The main character herself must believe this. She might rail against the Scots at first, but she’ll always come around to their way of thinking. If you don’t do this, the reader might come away thinking that it’s only the characters who are sexist, not the story itself.
This applies double for the main romance interest. Jamie has very strong beliefs on who should obey whom, and he doesn’t hesitate to dish out commands. This isn’t too surprising for a man in the 1700s, but some people might expect Claire to have her own free will or whatever. Readers can be unreasonable like that. To compensate, Claire occasionally disobeys, but then the story immediately punishes her. Twice she doesn’t do as she’s told and is captured by bad guys. Of course, she must be rescued,* and receives a thorough talking-to on why she done a bad thing.
Remember, it’s not enough for male characters to be overbearing and domineering. The heroine must internalize it, realizing they were right all along.

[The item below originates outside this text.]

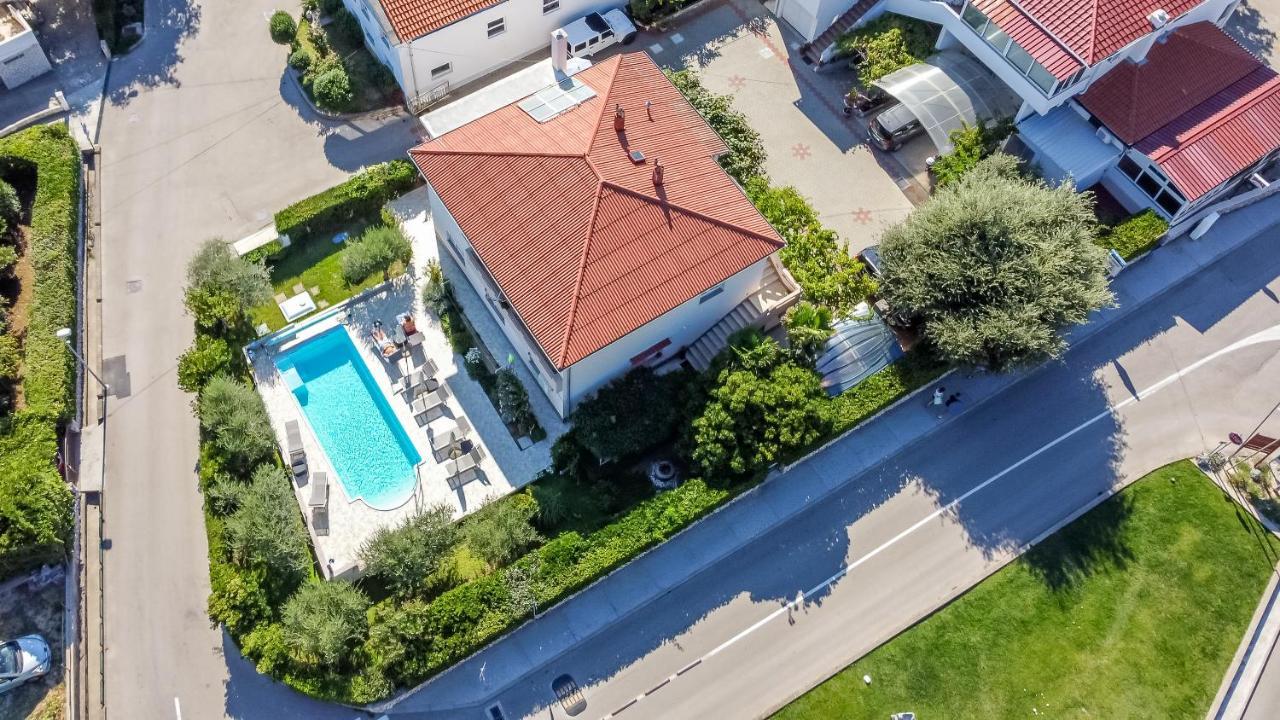 Meri Baška Buitenkant foto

Just about the only place that Outlander stumbles in disempowering Claire is in the last few chapters. Near the book’s end, she actually takes charge to some degree and does things without the direct approval of her beau. She finally displays a spine, standing up to Jamie when he wants to do a number of stupid things. This is strange and goes against the theme of heroine disempowerment, but no one gets everything right. If nothing else, those chapters can be used as a defense against people who complain that the book is sexist.